To further improve the ease of doing business in India, the Reserve Bank of India has drawn up a new external commercial borrowing (ECB) framework allowing all eligible borrowers to raise up to $750 million per financial year under the automatic route, replacing the existing sector-wise limits. The central bank has also expanded the list of eligible borrowers and recognised lenders.
To curb volatility in the forex market arising out of dollar demand for crude oil purchases, the framework provides a special dispensation to public sector oil marketing companies.
It allows them to raise ECB, with an overall ceiling of $10 billion, for working capital purposes with a minimum average maturity period (MAMP) of three years under the automatic route without mandatory hedging and individual limit requirements. The list of borrowers has been expanded to include all entities eligible to receive FDI.
Additionally, port trusts, units in SEZs, SIDBI, Exim Bank and registered entities engaged in microfinance activities can also borrow under this framework.

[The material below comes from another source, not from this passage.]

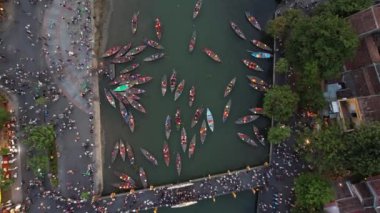 Hoi An Antik Kenti 'nin Hoai Nehri' ndeki fener tekneleriyle Hoi An, Vietnam, Güney Doğu Asya 'daki hava manzarası.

While the minimum maturity period for the ECB will be three years, the framework allows manufacturing companies to raise up to $50 million per financial year with a maturity period of one year. Further, if the ECB is raised from a foreign equity holder and utilised for working capital, general corporate purposes or repayment of rupee loans, the maturity period will be five years. This probably has been done to encourage foreign shareholders, especially in Indian airlines, to support their Indian partners. This could help Jet Airways deal with its current financial crisis.
As per the policy, call and put option, if any, cannot be exercised prior to the completion of the minimum average maturity.